10 This is an allusion to far northern seas, where Polar bears prey on seals.

Thayer's Note: The first to call attention to this passage seems to have been zoologist George Jennison, in "Polar Bears at Rome" (a brief note in Classical Review, XXXVI.73).

11 The countryman has not knowledge enough to name the Nile: the shapeless brute to which he alludes is the hippopotamus or "river-horse."

12 Such arrangements for letting beasts rise from under­ground in the arena are well illustrated by the excavations at the Amphitheatrum Flavium (the "Colosseum").

13 The beauty of an artificially contrived garden in the amphitheatre contrasts with the savage beasts; and the spectators are refreshed by jets of saffron water.

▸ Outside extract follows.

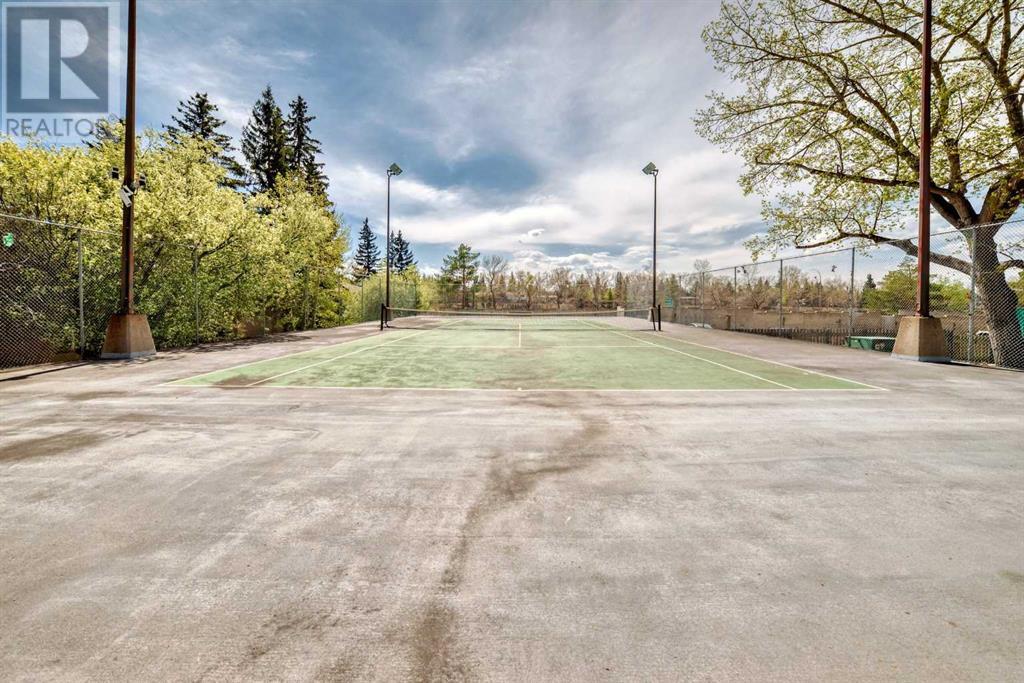 Single Family House for Sale in   Dalton Drive NW Dalhousie Calgary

Thayer's Note: That "saffron water" is the translator's unfortunate invention; Calpurnius' text says nothing about saffron nor scent of any kind, nor even hints as much. I suspect that we owe this gloss to the translator's memory of the (notoriously unreliable and sensationalistic) Historia Augusta, in which (Hadr. 19.5) saffron is strewn on the seats; noting that in that passage "essences of" is yet another gloss by a Loeb translator: the Latin text merely has "saffron". A few centuries earlier, Sallust speaks of Metellus returning from his war victories and setting up a temporary theater, "the ground strewn with saffron and other [substances] as is done in the most famous temples" (ap. Macrobius, Sat. III.13.8). Both of these instances suggest that the fragrance of the saffron was released, as any cook knows, by the stamens being crushed, in this case as people walked or sat on them. Neither of these at any rate accords well with water — who would want to sit on a wet theater seat? — and a distant spray of water, either cold or quickly cooling in the air, would probably not scent the air much if at all, while requiring a huge amount of the herb. The only passage I've been able to find in which saffron is explicitly mixed with a liquid for the sake of its scent, rather than its flavor as in wine mixtures or food, pretty much confirms that: also in the Historia Augusta (Elag. 19.8), we have the notoriously extravagant emperor Elagabalus swimming in a pool perfumed with it; so expensive that it took the most profligate of men to use it in water, and not for the general public; and as a bath, not a spray, the better to capture its scent.

14 Barth explains demittere as "inserere aut intro porrigere." The metaphor may be from planting.


Thayer's Note:

a Balteus — the word here translated "partition-belt" — is the standard technical term for the wall marking a cross-aisle in a theater or amphitheater: see the article Balteus in Smith's Dictionary of Greek and Roman Antiquities.